Rizana, who entered Saudi Arabia two years ago on a passport that falsified her age, was accused and sentenced for being responsible for the death of an infant in her care.
"Our Deputy Foreign Minister had visited the country several times to try make the parents of the infant grant Rizana clemency but while the father seems to have softened, the mother is not moving," Bogollagama told Prince Torky Al Kabir, Undersecretary of Multilateral Affairs, Ministry of Foreign Affairs of Saudi Arabia.
"The problem we have is that she may not have understood the confession, other legal documents and the proceedings because the translator was from India and the dialect is different to what is spoken (in Tamil) in Sri Lanka," he said.
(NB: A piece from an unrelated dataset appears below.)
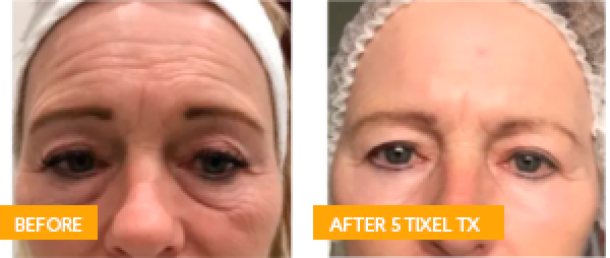 Antes y Después de 5 Sesiones de Tixel®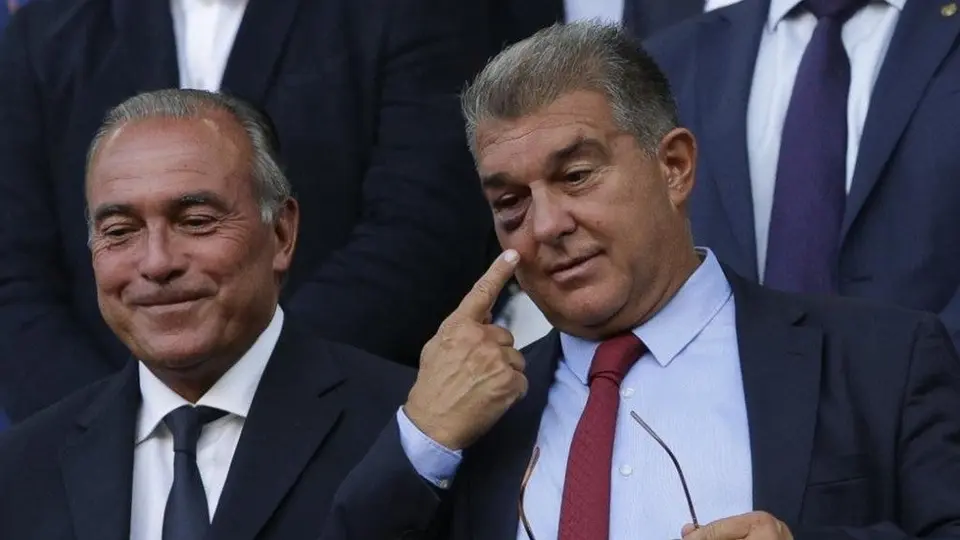 Joan Laporta: Apareció con un ojo morado en Camp Nou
Kabir said that he would do all he can to resolve the matter but intimated that it would depend on the parents’ willingness to grant Rizana clemency.
Rizana had initially confessed to being responsible for the infant’s death but had later reneged on her statement and the Foreign Ministry said that her confession was the result of the confusion caused by the translation.
The Philippines had wanted Sri Lanka’s pledge to support the country’s nomination to the top seat of the International Court of Justice while Morocco requested Sri Lanka to support its claim to regions in the Sahara over that of Algeria.
"We propose autonomy to these regions and will like to know where Sri Lanka stands in this regard," Ahmed Lekharief, Minister of Foreign Affairs, Jordan, asked.
Bogollagama replied that Sri Lanka would not support anything outside the parameters of the UN, a reason why Sri Lanka does not acknowledge Kosovo’s statehood.
As reported earlier, talks with Malaysia centred around terrorism with Sri Lanka looking for the two countries sharing intelligence on terrorist financing originating from Malaysia.